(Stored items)
-------------------------
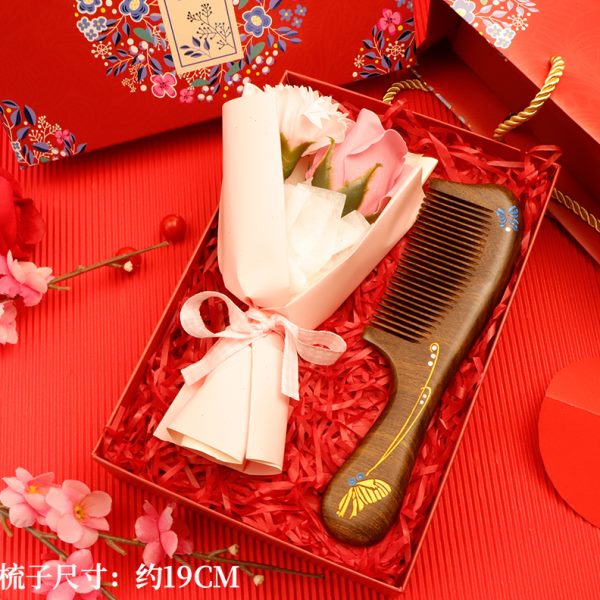 教师节礼物送女朋友老婆金丝檀木梳子礼盒实木生日老师妈妈长辈
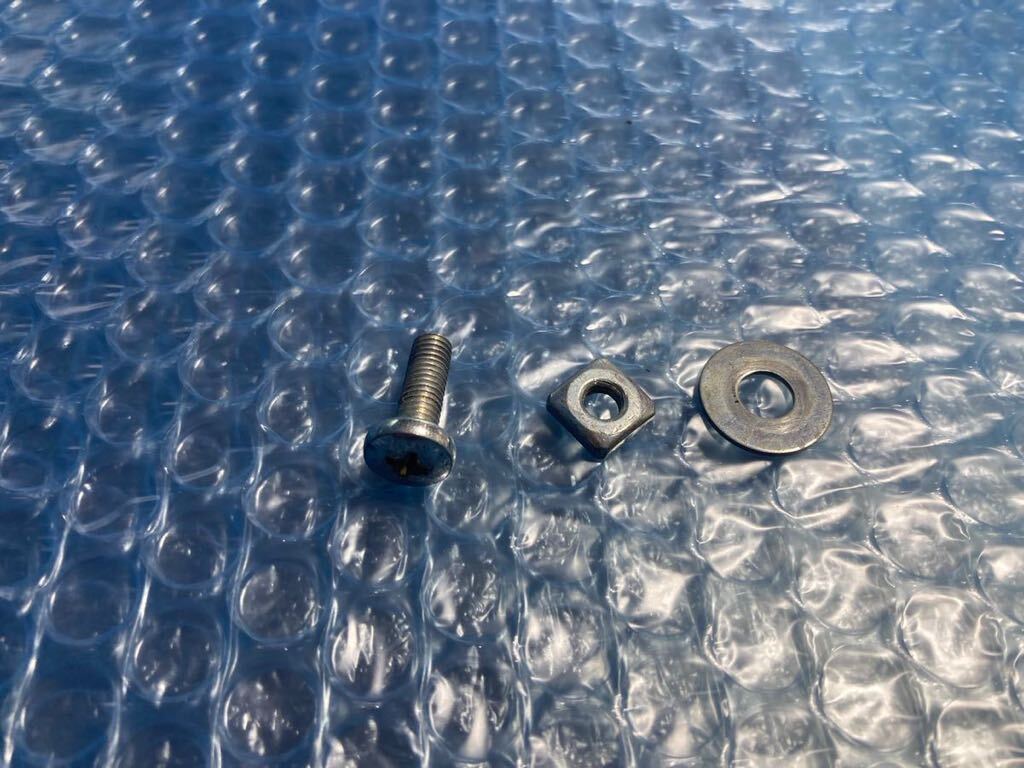 3162■ スズキ レッツ CA4AA ライト 固定 ネジ 調整拍卖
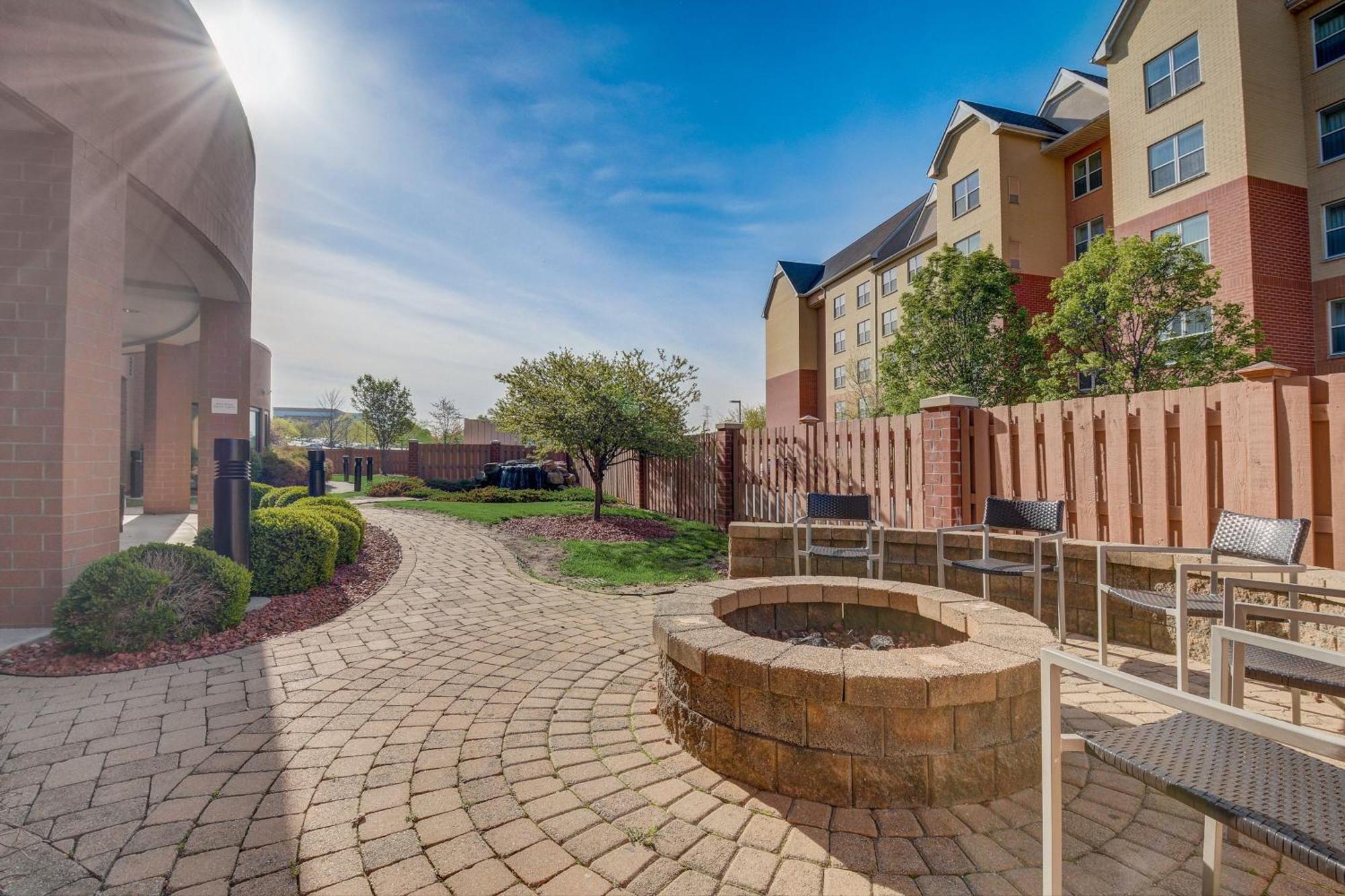 Courtyard Cincinnati North At Union Centre West Chester Esterno foto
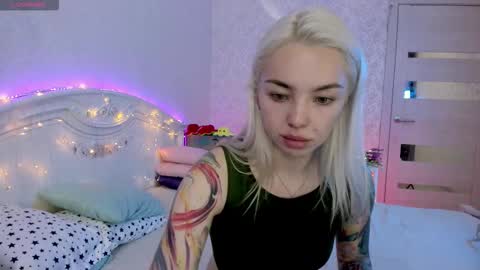 Snapshot of lillimooore chatting on September 19, 2025, 11:38 pm LilliMoore online show from September 19, 2025, 11:38 pm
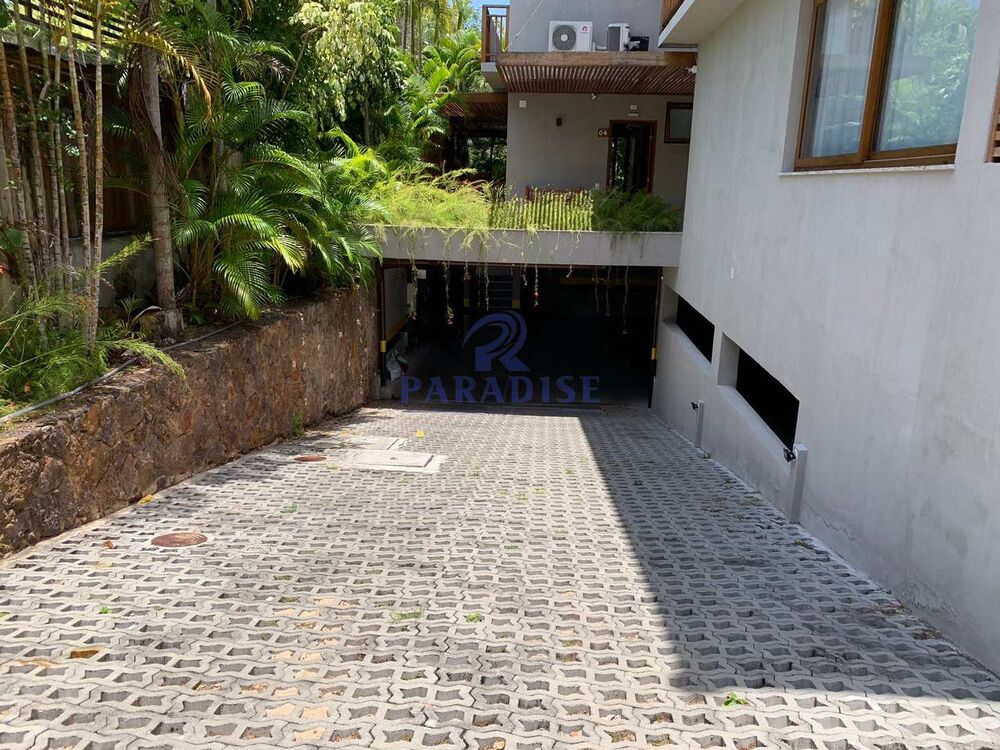 Apartamento à venda com 2 quartos, 85m² - Foto 4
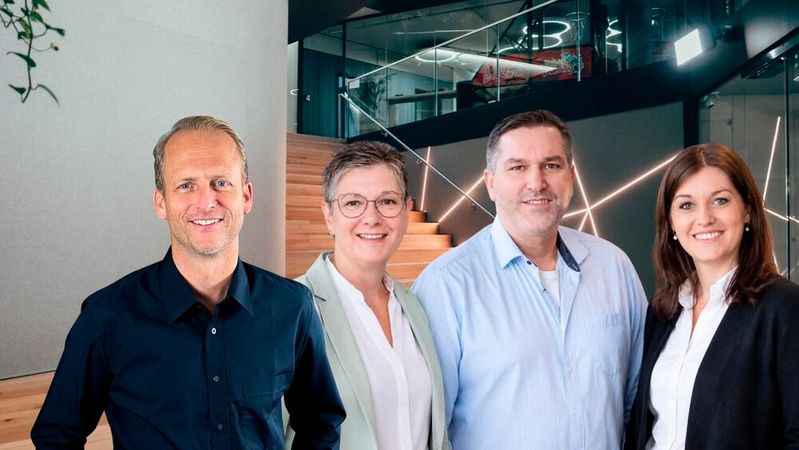 (v. l.) Alexander Kintzi (CRO bei Scopevisio) mit Jutta Kirk-Lahrmann, Gerrit Gowarsch und Simone Gövert (alle drei Geschäftsführer bei Hansalog Mega) (Bild:  Scopevisio)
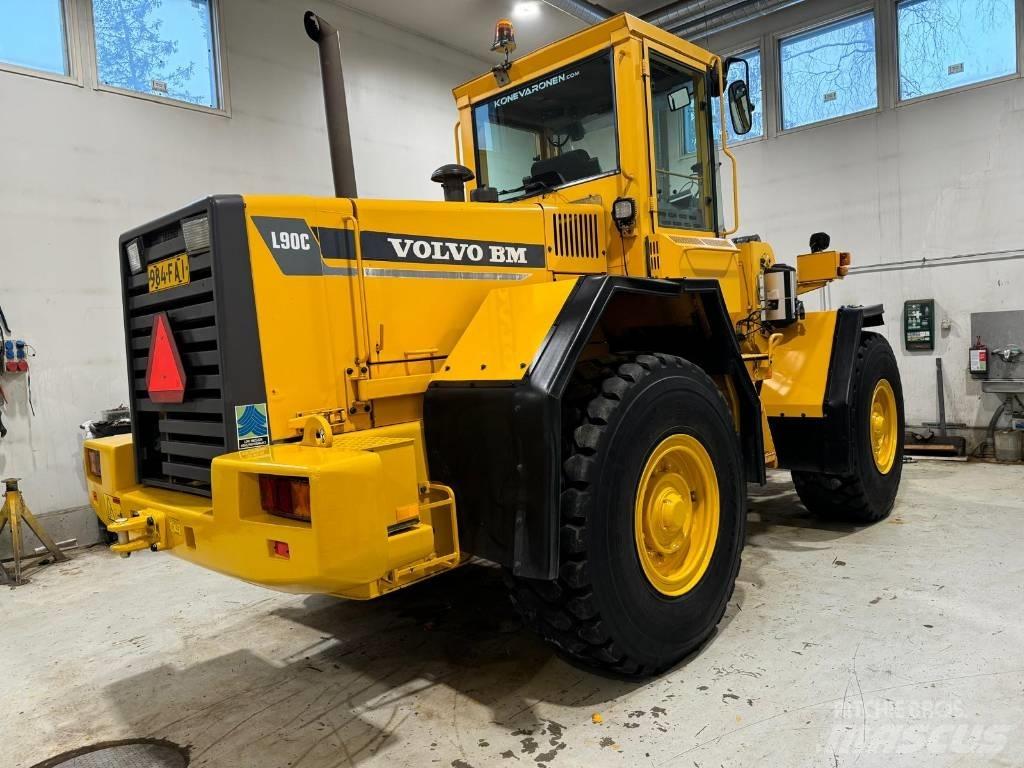 Volvo L 90C  휠로우더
-------------------------
* _Exercise directions_: Look above for the line with "Courtyard Cincinnati North" and the line with "Apartamento à venda", then restate exactly those two lines and all lines between them, with no pictures.

* _Worked solution_:
 Courtyard Cincinnati North At Union Centre West Chester Esterno foto
 Snapshot of lillimooore chatting on September 19, 2025, 11:38 pm LilliMoore online show from September 19, 2025, 11:38 pm
 Apartamento à venda com 2 quartos, 85m² - Foto 4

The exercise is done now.